In Athener Regierungskreisen wurde mit "zügigen Verhandlungen" gerechnet. Wann genau die Gespräche beginnen und enden sollen, blieb am Donnerstag zunächst unklar. Als Zielmarke wurde aber der 12. August genannt. Eine Vereinbarung müsste dann noch von der Eurogruppe und anschließend von den Parlamenten einiger Euro-Staaten abgesegnet werden. Die Zeit drängt: Am 20. August muss Griechenland 3,2 Milliarden Euro an die Europäische Zentralbank (EZB) zurückzahlen.
In den Verhandlungen wird die frühere Troika aus EU-Kommission, EZB und Internationalem Währungsfonds (IWF) laut griechischen Medien durch einen Vertreter des Euro-Rettungsfonds (ESM) verstärkt - und damit zum Quartett. Aus dem ESM soll der größte Teil der neuen Milliardenhilfen für Athen fließen. Griechenland ist mit mehr als 300 Milliarden Euro verschuldet und hat die EU-weit höchste Staatsschuldenquote, auch wenn diese zuletzt etwas gesunken ist.
Um die neuen Hilfen zu akquirieren, musste das griechische Parlament in Vorleistung gehen: Am frühen Donnerstagmorgen billigte es das zweite Reformpaket binnen einer Woche, wobei die Regierungsmehrheit auch diesmal verfehlt wurde.
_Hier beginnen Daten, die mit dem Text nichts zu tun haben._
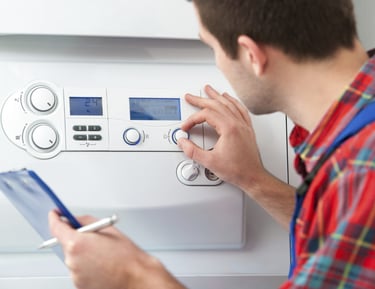 Sostituzione caldaia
Von den 300 Abgeordneten stimmten 230 mit "Ja", im Regierungslager gab es 36 Abweichler. Bei einer Abstimmung über Änderungen im Steuer- und Rentensystem vor einer Woche waren es 39 gewesen. Beide Male profitierte die Koalition von Ministerpräsident Alexis Tsipras aus der Linksbewegung Syriza und den Rechtspopulisten (Anel) von entscheidenden Stimmen der Opposition.
Die beschlossenen Änderungen im Justizwesen zielen vor allem auf beschleunigte Gerichtsverfahren und neue Regeln für Immobilienbesitzer. So sollen Kreditnehmer künftig ihre Wohnungen verlieren können, wenn sie mit Rückzahlungen an die Banken in Verzug geraten. Das neue Bankengesetz wiederum soll Spareinlagen bis 100 000 Euro absichern. Wer mehr Geld auf dem Konto hat, soll wie Aktionäre auch an den Kosten zur Sanierung maroder Banken beteiligt werden.
Besonders der linke Syriza-Flügel empfindet die Reformen als Vertrauensbruch und spricht offen von einer möglichen Rückkehr zur Drachme. Fast die gesamte griechische Presse sah Syriza am Donnerstag kurz vor einer Spaltung. Experten halten es für sehr gut möglich, dass Tsipras wegen der parteiinternen Querelen Neuwahlen ausruft, sobald das dritte Hilfspaket unter Dach und Fach ist - und somit das Volk über seinen Kurs abstimmen lässt. Auch ein Sonderparteitag zur Klärung des Syriza-Richtungsstreits scheint denkbar.
Der vor kurzem zurückgetretene griechische Finanzminister Gianis Varoufakis geht weiter mit den Gläubigern hart ins Gericht. "Selbst wenn Gott und seine Engel auf die Erde herabkämen und die griechische Regierung übernähmen, sie könnten das Reformprogramm nicht erfolgreich umsetzen", sagte Varoufakis "Focus Online". Die verlangten Einsparungen und Gesetzesänderungen gingen völlig an der volkswirtschaftlichen Realität in dem akut pleitebedrohten Land vorbei.